A crowd of students had swelled when police began using tear gas and pepper spray on the protesters on Sunday, Sept. 28. The protestors used hand-made face masks and umbrellas as protection, giving the protest the name “The Umbrella Revolution.”
The protest gained significant support on Monday as they continued to block main roads in the center of Hong Kong’s economic district. The standoff between the people and the government of Hong Kong continues.
This civilian protest could have many possible direct impacts on Kalamazoo. For example, the Study Abroad in Hong Kong could be hindered by possible violence or riots. Visiting international as well as four-year international students may be more or less frequent based on the outcome of the events as well.
As for the reaction of K, students and faculty had their own opinions and thoughts on the matter, and some names were changed in this article for protection.
A K student, who asked not to be identified for security reasons, is studying abroad in Hong Kong. She attended the protests on Monday evening.
“I honestly have never seen so many people come together for a common cause in my life. It was really inspiring,” she said. “The people here were all very straightforward and I feel like they were doing this in a very organized way,” referring to how the protest is being run.
The student also mentioned that the protests might dent Hong Kong’s economy because the local shops are closing. As a student studying abroad, she said her experience so far in Hong Kong “is something that I’ll remember for the rest of my life.”
Katherine C., a visiting international student from Hong Kong said she supports the protestors.
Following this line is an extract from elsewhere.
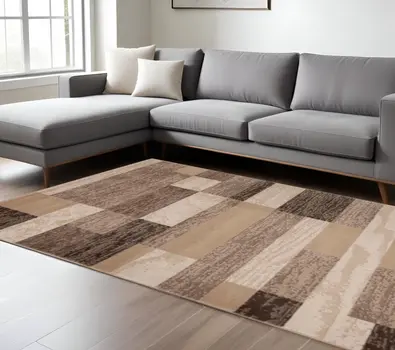 7' X 9' Beige Patchwork Power Loom Stain Resistant Area Rug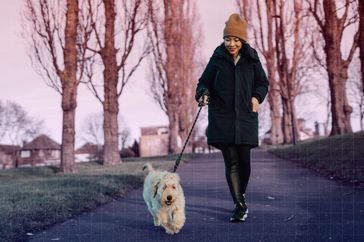 Una foto de una mujer paseando a su perro en una mañana de invierno.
She described it as peaceful as well as rational, and she mentioned the organization and the one, central idea behind the protests: democracy. When asked about the economic possibilities of a sit-in such as this, C. replied, “The whole process is for the future.” She also commented that it may lead to “Temporary” economic insecurity.
When a few of the international students from mainland China were asked about their views on the Umbrella Revolution, they were unaware of the protests. This could be due to severe censorship of Media coverage, such as Instagram and Weibo (China’s Twitter). When they tried to look up the protests on Baidu (a Chinese web service) there were absolutely no search results relating to the revolution.
“The University in Hong Kong is still operational”, Margaret Wiedenhoeft, Associate Director for the CIP in China, said. She continued to talk about keeping the students aware of the current situation to ensure the safety of those involved in Study Abroad.
“We actually encourage students not to participate in local political movements,” Wiedenhoeft said, due to the fact that the Kalamazoo doesn’t know how the authorities will react to the protests. Wiedenhoeft said, “It’s hard to predict the final outcome,” speaking about the future of the Study Abroad programs in China in relation to the revolution.
Dr. Dennis Frost, Associate Professor of East Asian Social Sciences, generally sided with the protesters in Hong Kong. “The Hong Kong Stock Market has dipped,” said Frost, “And even on [a] local impact level, you’re going to have some economic consequences.”
Frost also gave some insight about the protest saying that it does fit into a larger picture of Chinese protests even before Tiananmen Square and how it follows the same patterns as well.
Hong Kong’s deadlock with its government is heading into its first full week of protests. Hopefully they will arrive at changes to improve relations between Hong Kong and China.